**TASK GOAL**
For the listing below, the answer is an exact retyping of the lines from the one with "Nikon d5000 3mp dslr - 12.3mp, black" through the one with "Dedinčania zachraňovali zdravotne", both included, without pictures.

[Opening RECORD EXCERPTS section]

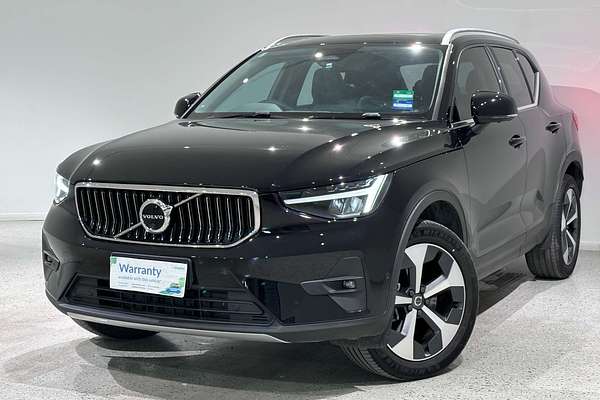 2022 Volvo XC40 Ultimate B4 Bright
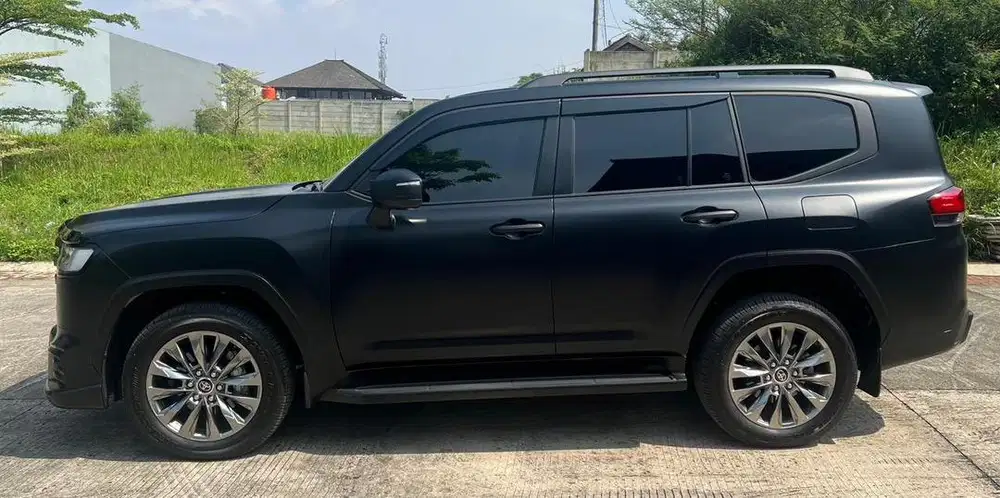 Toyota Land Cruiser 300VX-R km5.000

[Closing RECORD EXCERPTS section]
[Opening RECORD EXCERPTS section]

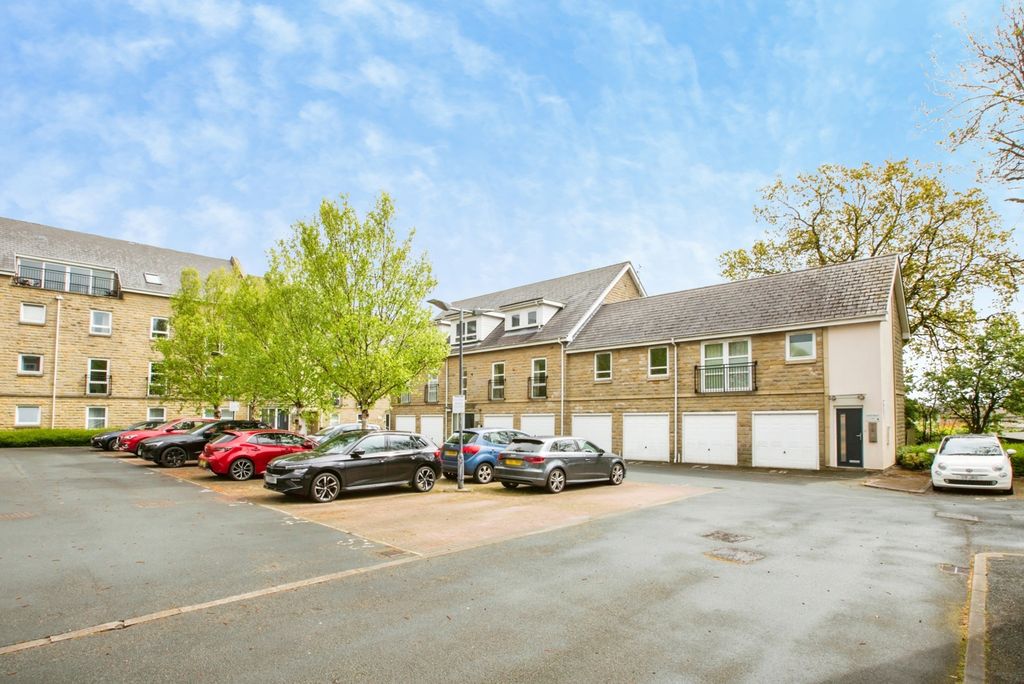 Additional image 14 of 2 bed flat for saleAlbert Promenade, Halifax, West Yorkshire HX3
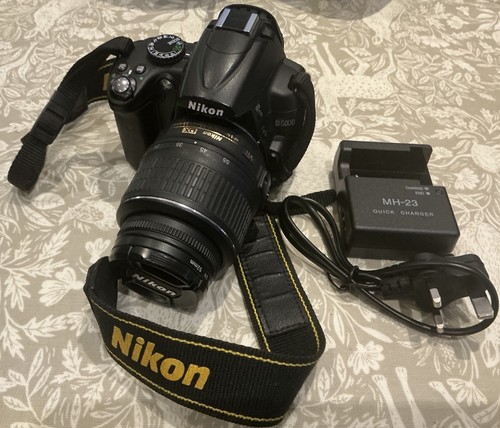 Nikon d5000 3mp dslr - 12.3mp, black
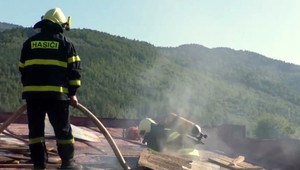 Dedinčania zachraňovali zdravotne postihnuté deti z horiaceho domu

[Closing RECORD EXCERPTS section]

**SOLUTION FOR THIS TASK**
 Nikon d5000 3mp dslr - 12.3mp, black
 Dedinčania zachraňovali zdravotne postihnuté deti z horiaceho domu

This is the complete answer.